I think not living up to expectations was part of my problem with TEG. Cool little spaceship pieces that draw you in and then NEVER fly around and fight each other. Of course it just might have been the people I was playing with.

RftG is a completely different story. It never looks like anything but exactly what it is, a silly abstract with a cool space theme. Building up your dice is fun, but I especially love the part where you are trying to guess what the other players are doing so you can build on their choice of action. Player interaction in TEG is much less interesting. Also RftG plays in about half the time, while Galaxies goes on for too long.
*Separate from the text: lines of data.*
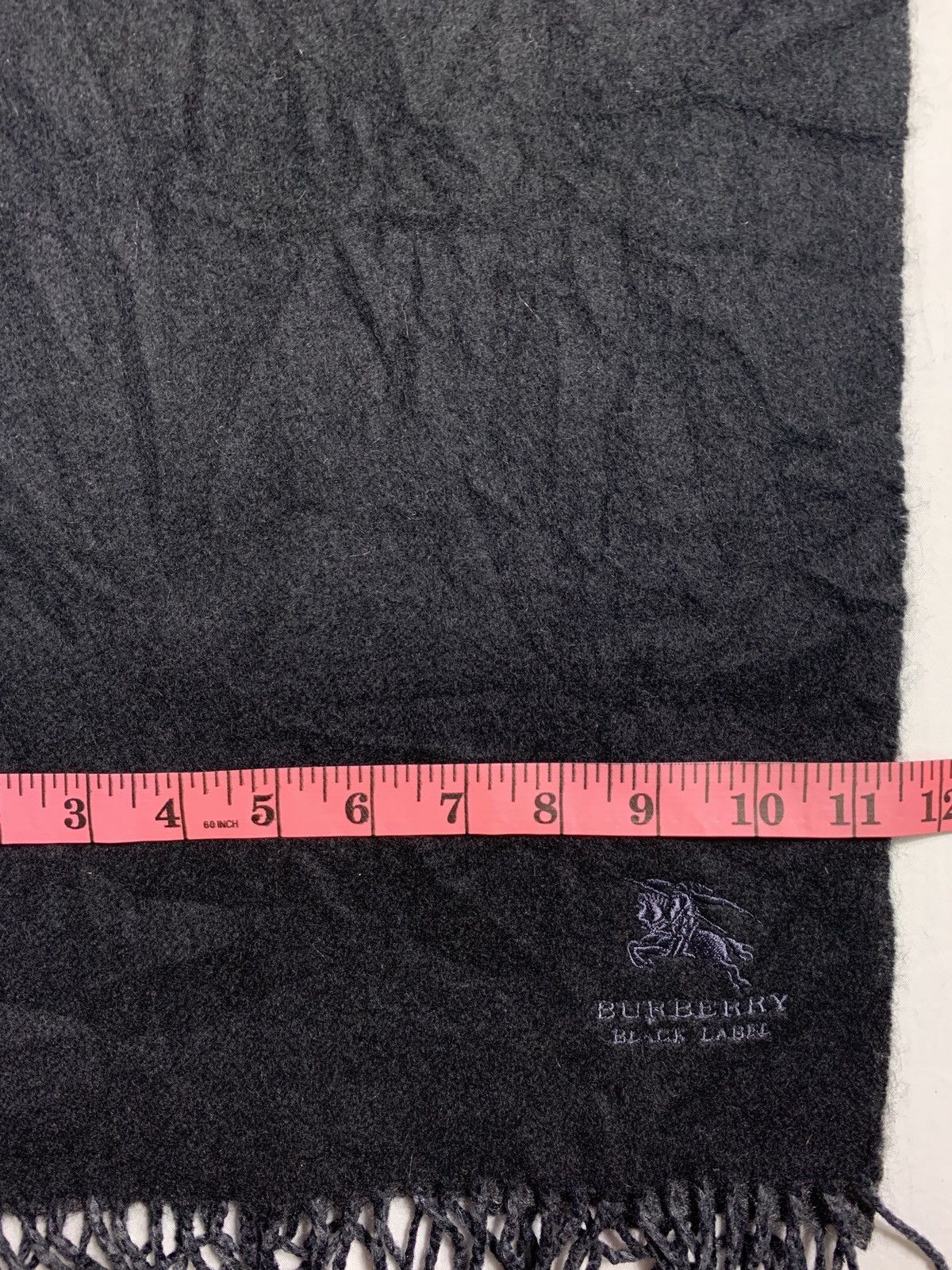Burberry Burberry Black Label Wool Scarf / Muffler Size ONE SIZE - 7 Thumbnail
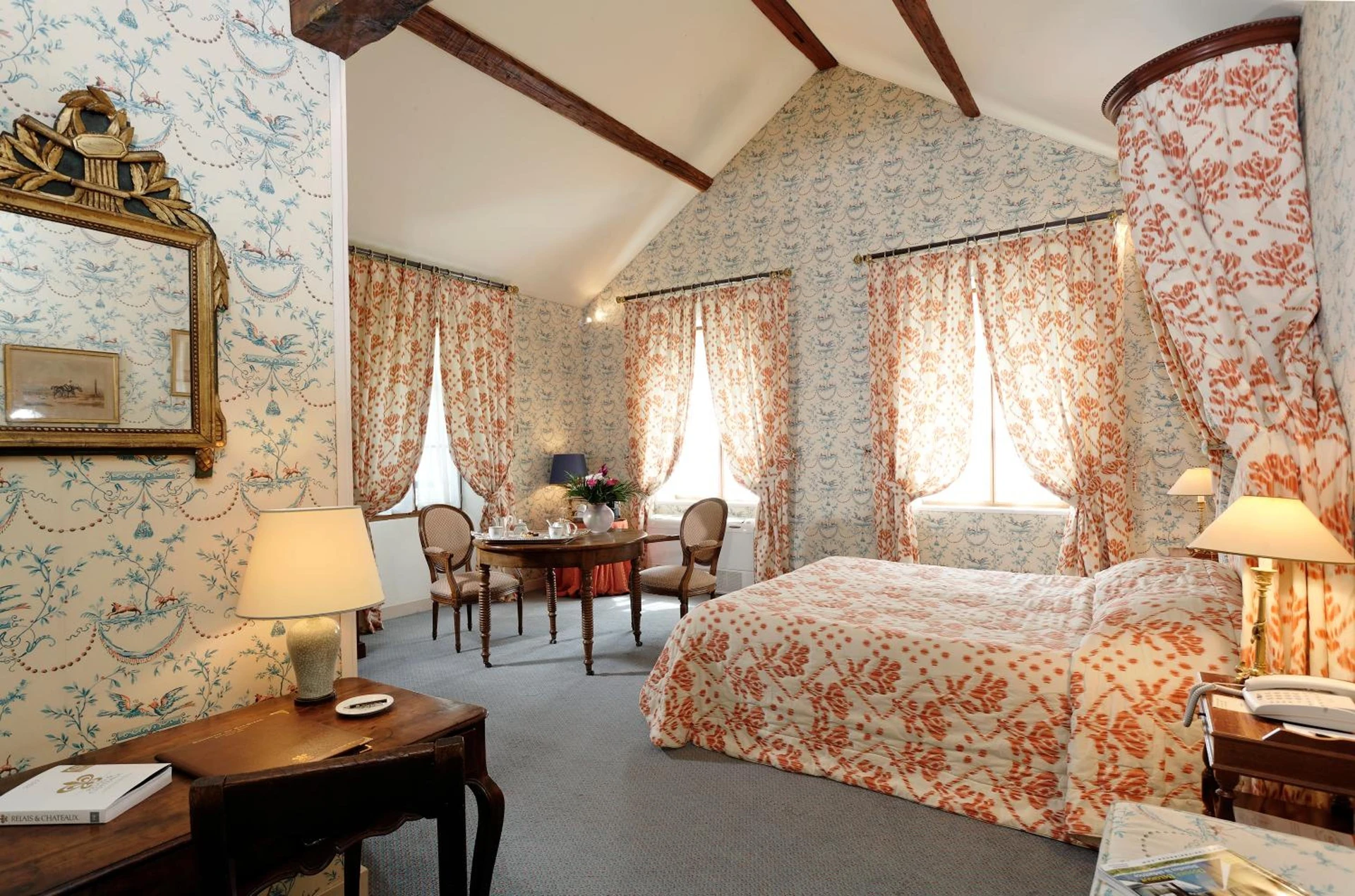 Chambre disponible pour un séminaire d'entreprise à Hôtellerie Du Bas-Bréau - Barbizon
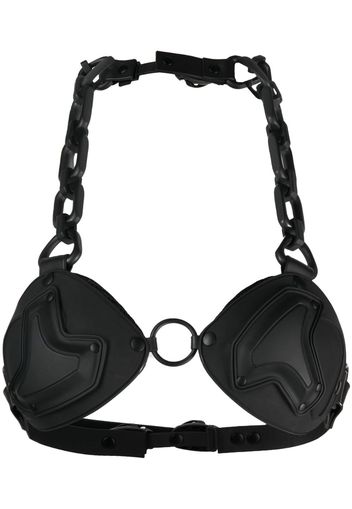 Innerraum Object l01 chain-link bra - Nero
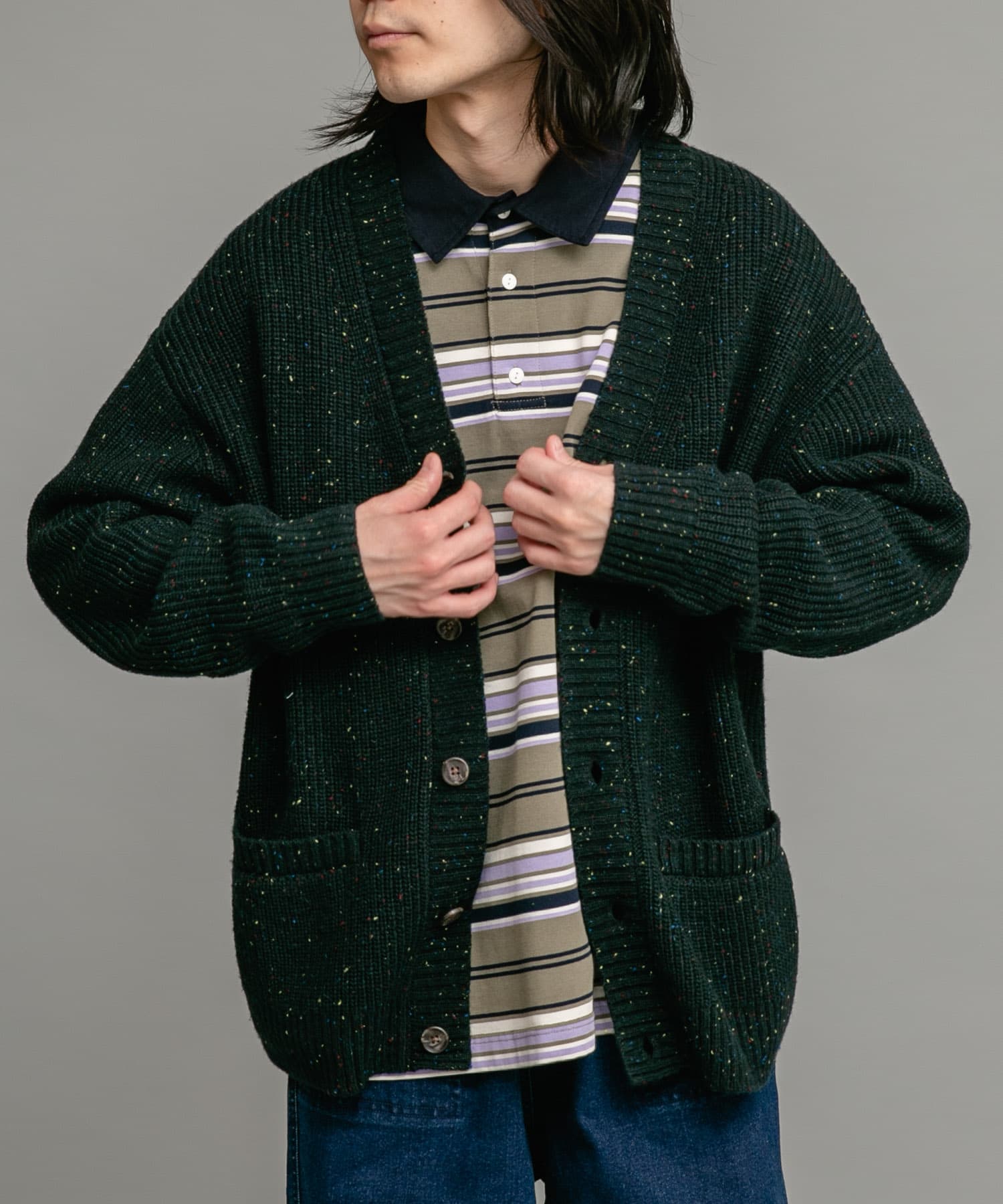 身長：173cm サイズ：L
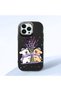 Black Silicone Case Compatible with iPhone 13 Pro Max with Shock-Absorbing Camera Protections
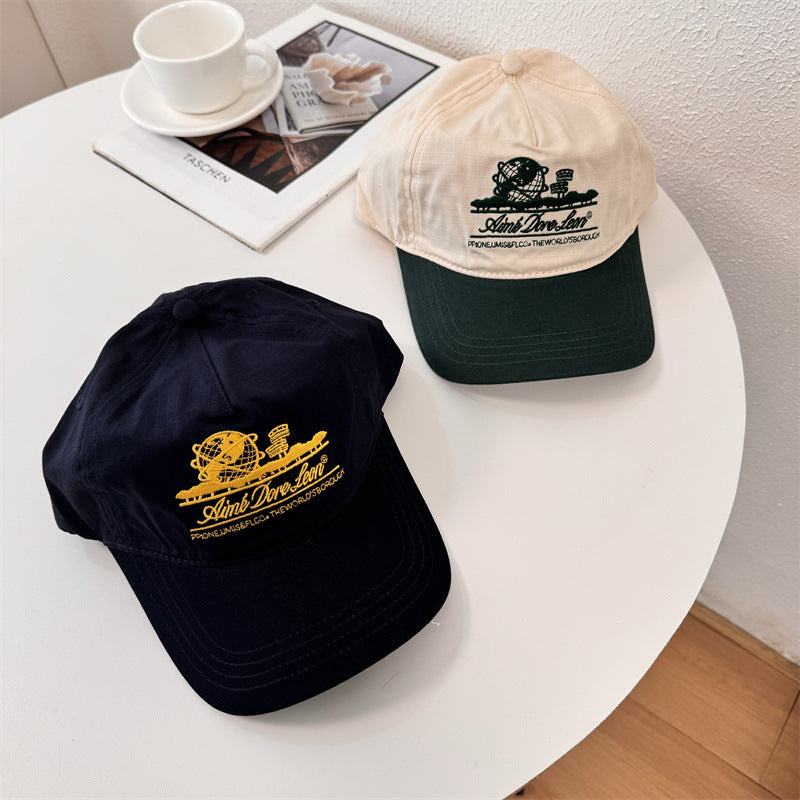 Men’s Embroidered Graphic Cotton Baseball Cap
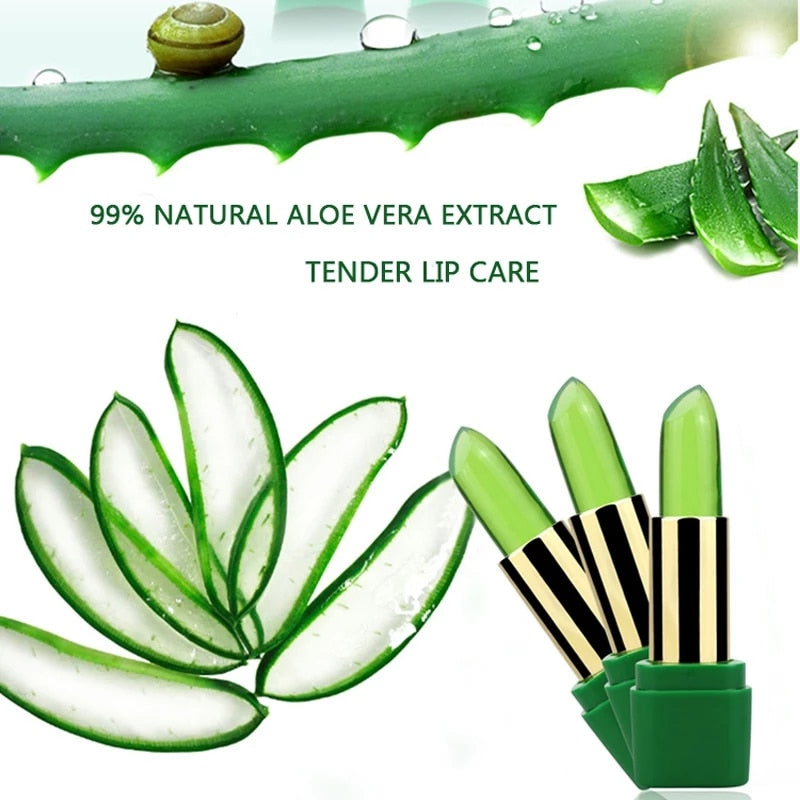 Aloe Vera Moisturizing Lip Balm - R&A LUXE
Yeah, it’s definitely who you played with - the game you’re describing is not at all my experience with TEG. Aside from not flying around and fighting, that’s true, but I also know you know the whole “time and place for everything” rule of game design.
Gary Sax's Avatar
Gary Sax replied the topic: #302289 08 Oct 2019 23:19
It's fun to listen to your podcast juxtaposed with So Very Wrong About Games, who really dislike the tiny epic series (they've played most but not all).
Jackwraith's Avatar
Jackwraith replied the topic: #302290 08 Oct 2019 23:54

Gary Sax wrote: It's fun to listen to your podcast juxtaposed with So Very Wrong About Games, who really dislike the tiny epic series (they've played most but not all).


Guess their name is right, then.

As I've mentioned before, I think all of the TE games require multiple plays to really understand the depth of them, but I haven't played a single one that I didn't enjoy as a single session, either.
Josh Look's Avatar
Josh Look replied the topic: #302295 09 Oct 2019 10:08
I think that working under limitations in any medium generates more creative and often times more effective results when in the right hands. You go in with only these few small things to work with, but you really have to squeeze every last drop from what you’ve got that you know is good so that nobody pays attention to what you’re missing. We know this is true with movies, for example, the first Evil Dead. Essentially zero budget but those guys brought such a ferocious creativity to their work and because of it, it towers above other horror movies that had studio backing. The same is true of game design. I miss those early days of VPG, when designers worked with knowing they could have a sheet of counters, X amount of cards and a board. Make it work. The Tiny Epic series does have the luxury of a Kickstarter budget, but there’s still only so much you can fit into one of those boxes, especially when you consider the typical size of the games in the genres they’re emulating. Almes clearly knows how to pack a game with as many interesting ideas as he can fit into them.